Pipelines without macros #639

ablaom · 2021-09-17T05:10:08Z

This PR is a step towards replacement of @pipeline with non-macro alternatives (JuliaAI/MLJ.jl#594). It implements new parametric types for pipelines and a new constructor Pipeline, following the suggestions of @CameronBieganek in the cited issue.

The new pipelines offer all the features of @pipeline with the exception of target transformations, which are to be provided with a separate wrapper.

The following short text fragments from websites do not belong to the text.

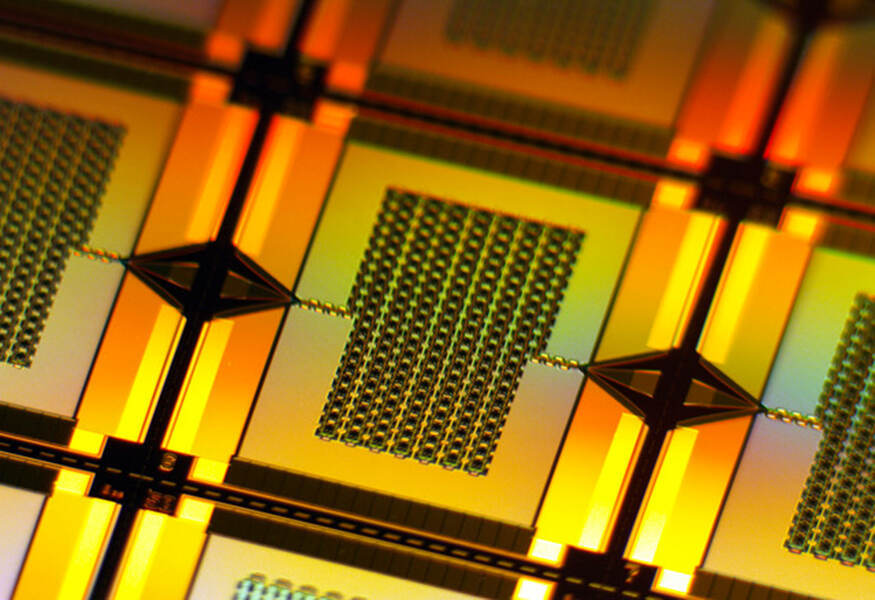 Caption:This superconducting parametric amplifier can achieve quantum squeezing over much broader bandwidths than other designs, which could lead to faster and more accurate quantum measurements. Caption:This superconducting parametric amplifier can achieve quantum squeezing over much broader bandwidths than other designs, which could lead to faster and more accurate quantum measurements.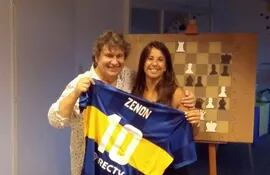 Buenos Aires 2024. Con Paola Elisa Maggiolo y mi camiseta de Boca.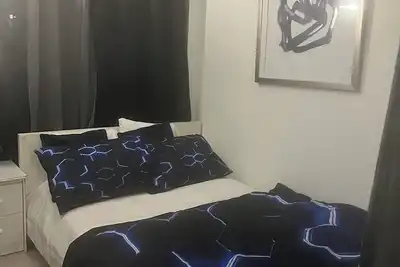 Image de Beautifully Furnished  2 bedroom Condo behind Mt Sinai Hospital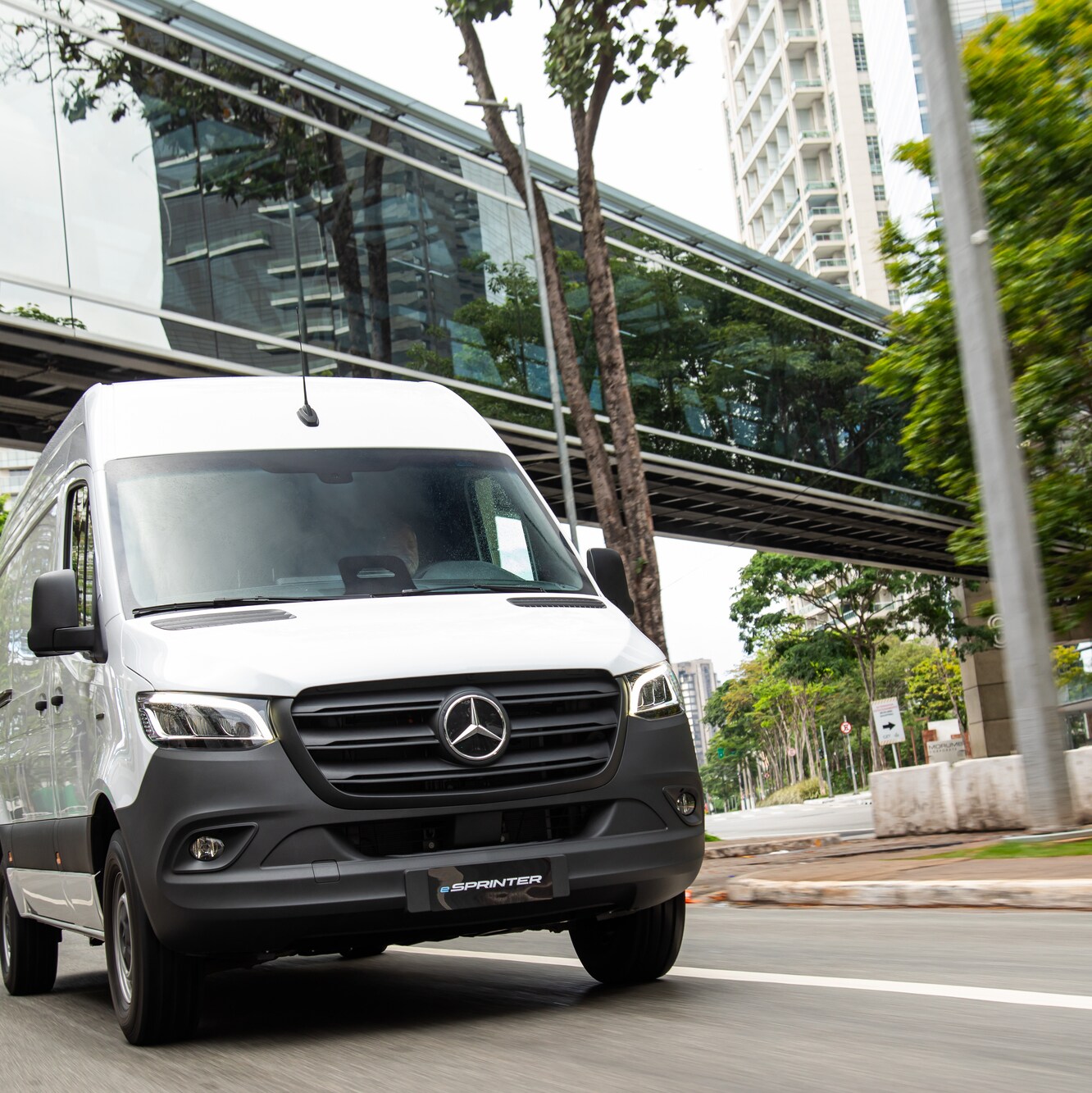 O eSprinter Furgão da Mercedes-Benz.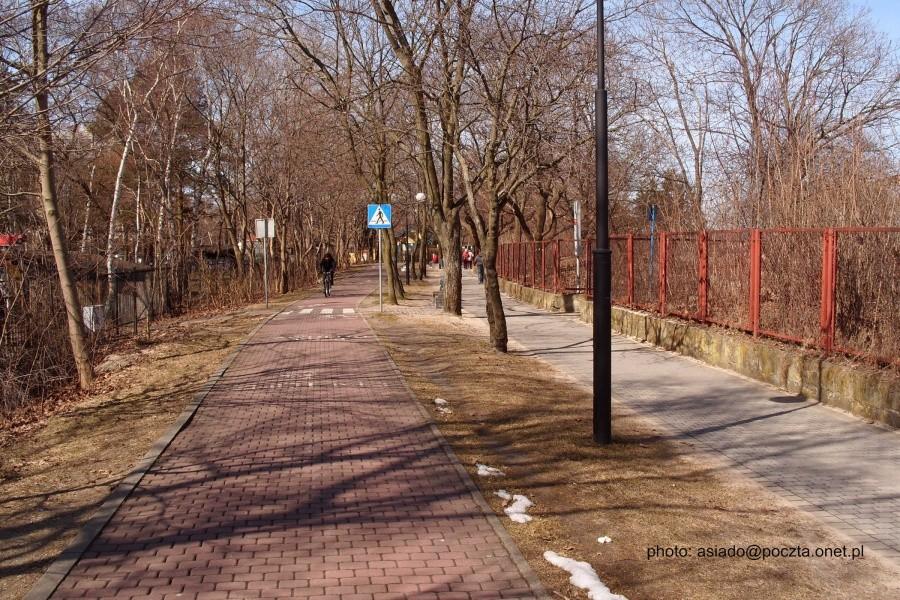 Droga rowerowa przy promenadzie nadmorskiej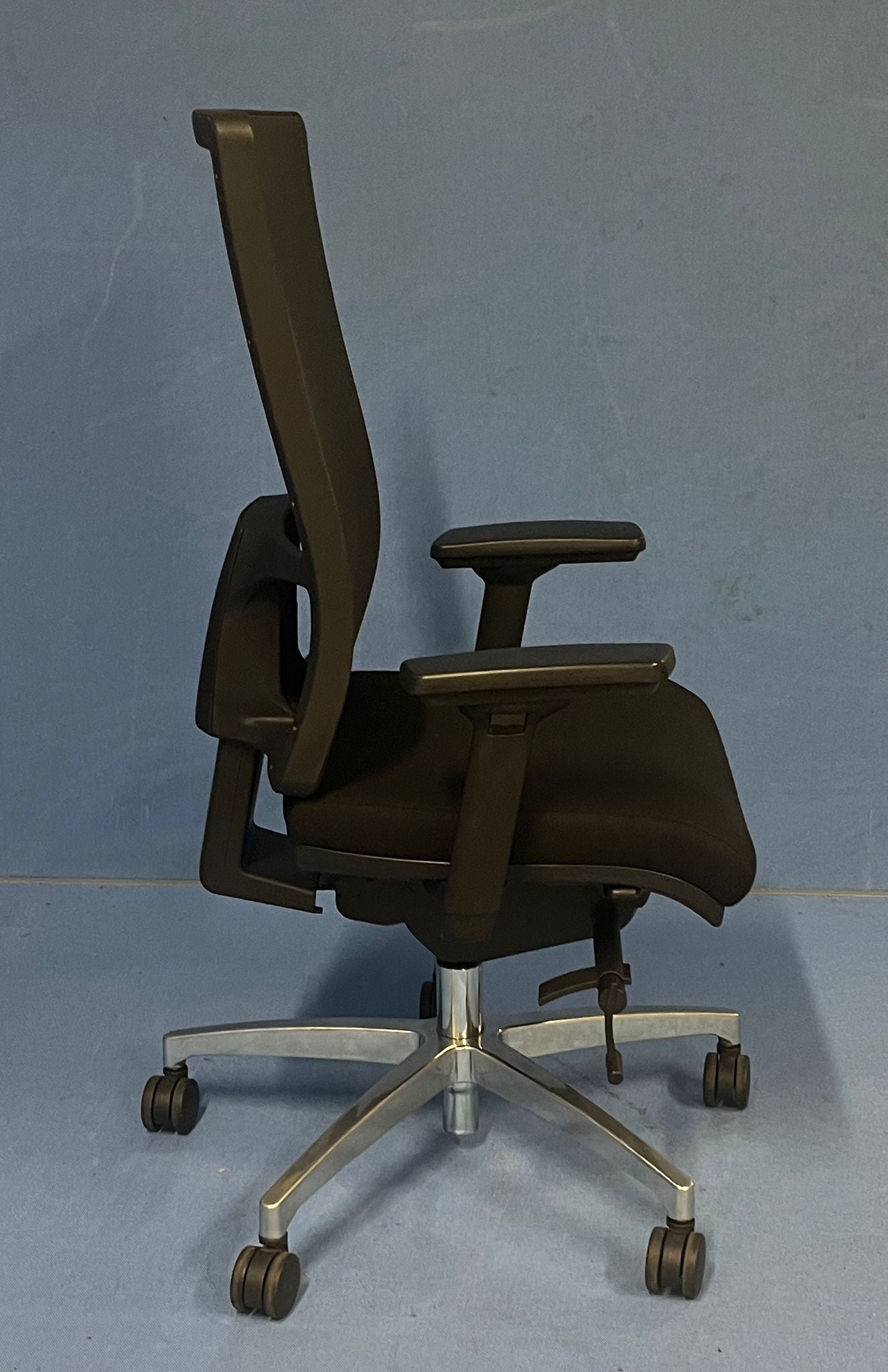 *SALE* Sitland Team Strike Mesh Operators Armchair (used)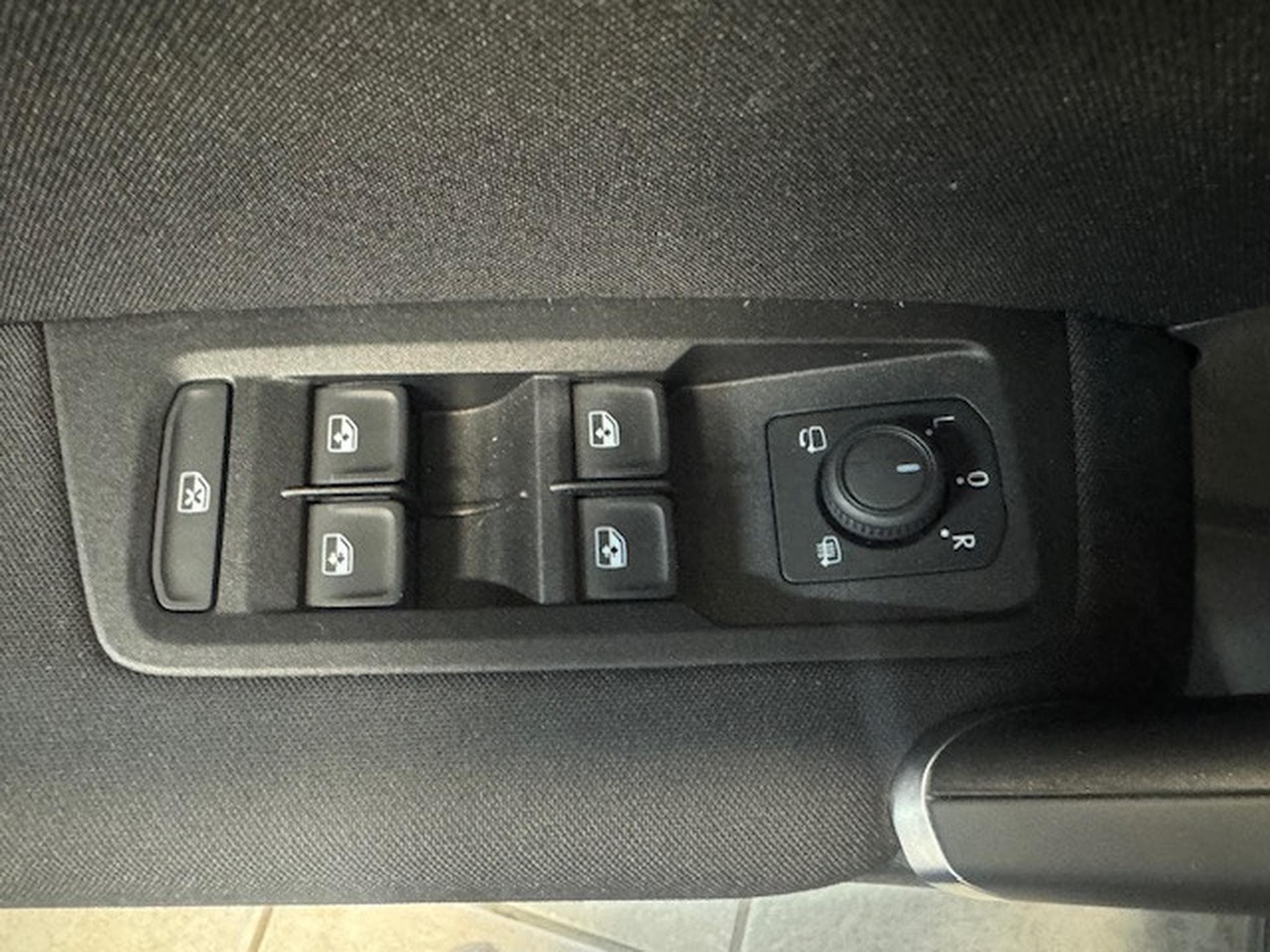 VW Touran VOLKSWAGEN TOURAN EN STOCK COMFORTLINE LED DSG ERGO SITZE SI (2024) - Photo 15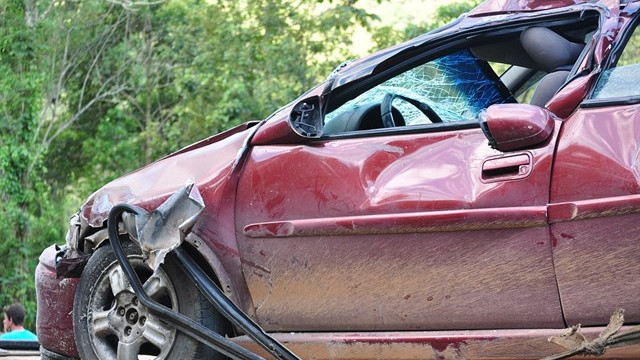 Un conductor kamikaze provoca un accidente con tres heridos en Oleiros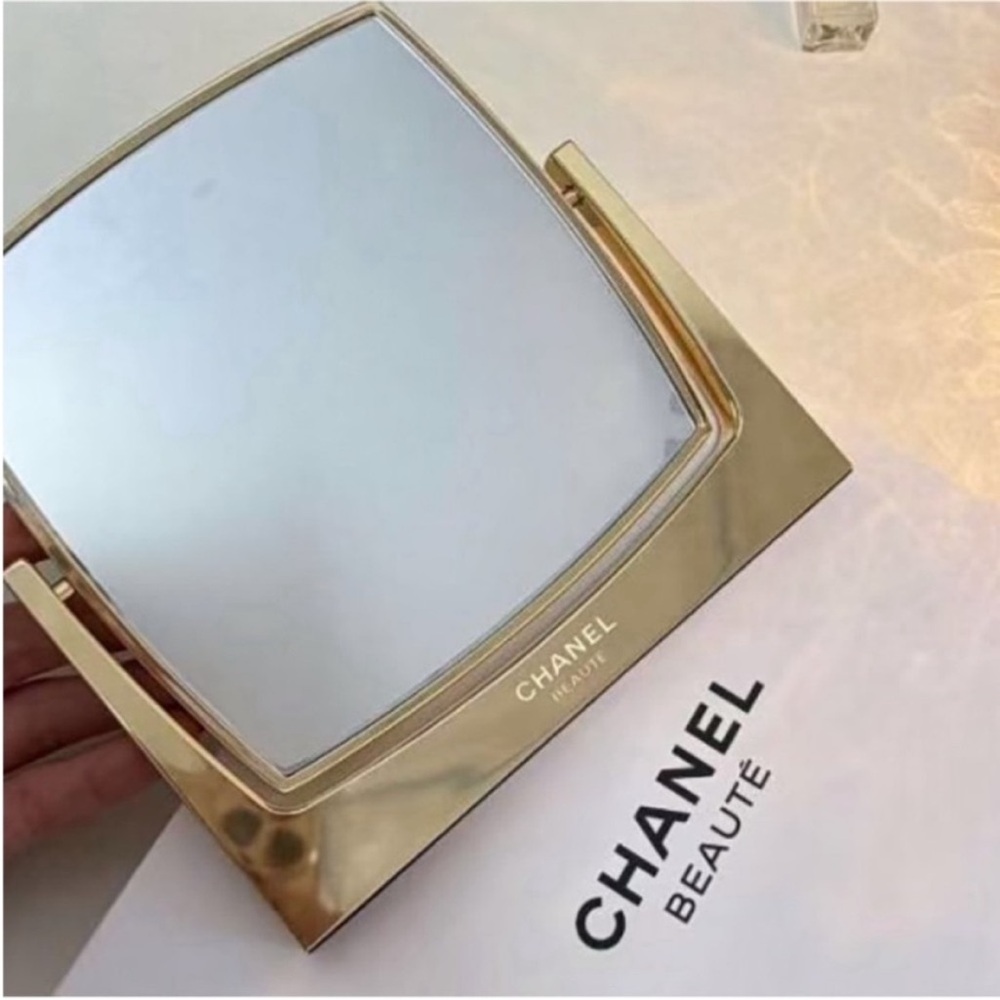 CHANEL Beauty Metal Double-Sided Makeup Mirror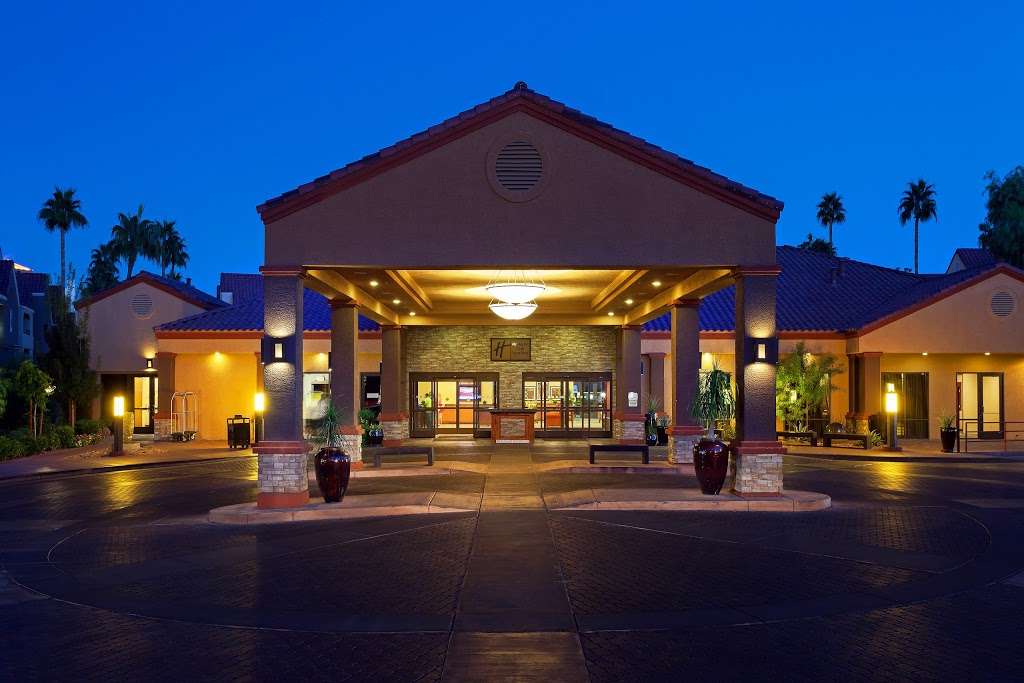 Holiday Inn Club Vacations at Desert Club Resort | 3950 Koval Ln, Las Vegas, NV 89109, USA | Phone: (877) 783-5882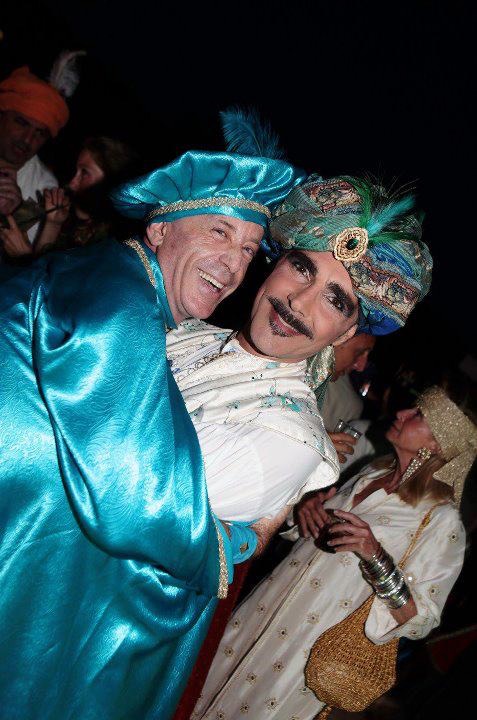 538835_4419352483463_1031045748_n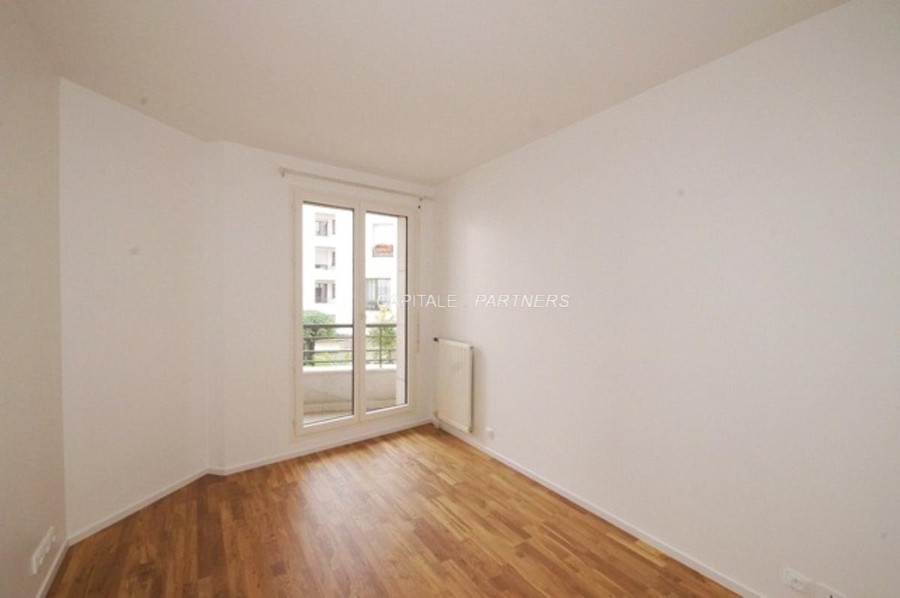  2 bedrooms Apartment LEVALLOIS PERRET - 71 m²;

Additional features are:

inverse_transform is implemented, where that makes sense (there was an issue raised, which I cannot find)
implement predict for unsupervised pipelines ending in a model that implements predict (clustering) (Cannot call predict on a @pipeline when the last component is a transformer MLJClusteringInterface.jl#10)
option to specify cache=false to suppress data caching at internal nodal machines
Alternative constructor using |>. When two pipelines are concatenated, the result is flat (does not introduce an extra layer of hyper-parameter nesting).

The new doc-string is copied below under "details".

Conflict with existing feature

The overloading of |> conflicts with the "arrow syntax" described here but never actually documented in the manual. It's purpose is to reduce code needed to build learning networks. I have not seen it used anywhere outside of the cited tutorial and would suggest linear pipelines, as a more common use-case, would be a better use. A non-breaking alternative would be to overload the generic associative operator *.

@tlienart may wish to comment.

What do others think?

edit The actual doc-string has minor changes.

Pipeline(component1, component2, ... , componentk; options...)
Pipeline(name1=component1, name2=component2, ..., componentk; options...)
component1 |> component2 |> ... |> componentk

Create an instance of composite model type which sequentially composes
the specified components in order. This means component1 receives
inputs, whose output is passed to component2, and so forth. A
"component" is either a Model instance, a model type (converted
immediately to its default instance) or any callable object.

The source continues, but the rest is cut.